The next most common cause of problems is gutters leaking around the joints, this is normally caused by the rubber seals perishing over time. Missing or damaged brackets can also cause leaks and these need to be replaced. If there are numerous leaks from many different places and the guttering is way past its prime, you should consider a full replacement rather than attempting to fix multiple problems with at best temporary repairs.

The guttering is fixed to the fascia boards, so if the fascia is rotten this should be replaced at the same time, there is no point repairing gutters that are fixed to rotten roofline timber. Now would be a good time to consider roof tile cleaning to ensure water is running off the roof properly.
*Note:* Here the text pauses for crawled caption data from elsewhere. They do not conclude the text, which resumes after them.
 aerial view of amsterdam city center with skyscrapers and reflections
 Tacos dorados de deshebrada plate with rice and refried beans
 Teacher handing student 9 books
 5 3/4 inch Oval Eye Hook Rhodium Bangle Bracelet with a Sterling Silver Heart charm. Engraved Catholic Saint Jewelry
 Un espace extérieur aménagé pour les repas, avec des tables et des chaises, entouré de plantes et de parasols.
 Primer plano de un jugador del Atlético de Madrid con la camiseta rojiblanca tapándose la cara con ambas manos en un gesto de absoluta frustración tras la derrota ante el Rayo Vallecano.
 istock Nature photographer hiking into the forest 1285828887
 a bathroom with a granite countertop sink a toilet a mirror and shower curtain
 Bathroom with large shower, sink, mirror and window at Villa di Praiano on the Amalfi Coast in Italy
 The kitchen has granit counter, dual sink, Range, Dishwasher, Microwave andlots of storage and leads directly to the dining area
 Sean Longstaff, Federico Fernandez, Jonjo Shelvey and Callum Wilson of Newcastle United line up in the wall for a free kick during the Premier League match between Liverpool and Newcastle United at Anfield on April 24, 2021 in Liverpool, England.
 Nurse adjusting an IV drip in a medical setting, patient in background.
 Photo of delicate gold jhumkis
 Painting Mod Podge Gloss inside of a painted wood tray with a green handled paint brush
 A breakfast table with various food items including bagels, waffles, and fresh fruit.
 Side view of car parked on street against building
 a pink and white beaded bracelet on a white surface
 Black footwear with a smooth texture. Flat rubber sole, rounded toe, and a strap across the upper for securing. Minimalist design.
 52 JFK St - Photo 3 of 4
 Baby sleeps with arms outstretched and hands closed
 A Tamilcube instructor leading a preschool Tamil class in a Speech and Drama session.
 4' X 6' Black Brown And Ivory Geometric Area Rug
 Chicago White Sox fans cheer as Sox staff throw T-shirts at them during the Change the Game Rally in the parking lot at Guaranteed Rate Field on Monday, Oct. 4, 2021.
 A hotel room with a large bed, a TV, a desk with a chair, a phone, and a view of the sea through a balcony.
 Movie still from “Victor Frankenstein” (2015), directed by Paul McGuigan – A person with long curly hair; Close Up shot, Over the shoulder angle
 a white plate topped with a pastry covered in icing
If your guttering isn't working as it is designed to do, water will leak/overflow and eventually saturate the wall below leading to more serious and expensive problems. Treating guttering problems as unimportant minor repairs and putting them off to save money is a false economy. But if considering doing the repairs yourself, be extremely careful when working at height, only position ladders on level, firm ground if possible, if not, bolt stabilisers to the bottom of the ladder on both sides to stop it rocking.

Always make sure your ladder is secure before you start the job and never rest the top of the ladder against the guttering, - use a ladder stand-off to prevent further damaging the guttering. If doing a lot of work, a scaffold tower is a much safer way to access guttering and roofline products. Remember that if the gutters are just blocked with debris, then an old plastic bottle with the base cut off makes a perfect scoop for clearing debris at zero cost!

Although gutter repairs are not technically challenging for most DIY enthusiasts, there are risks involved in repairing your gutter by yourself. So you may want to consider employing professional gutter cleaners, especially for very tall properties. Things can go wrong and end up costing even more when you attempt DIY repairs, for example if you use the wrong sealants to patch seams you could seriously harm your guttering and eventually cause a bigger failure.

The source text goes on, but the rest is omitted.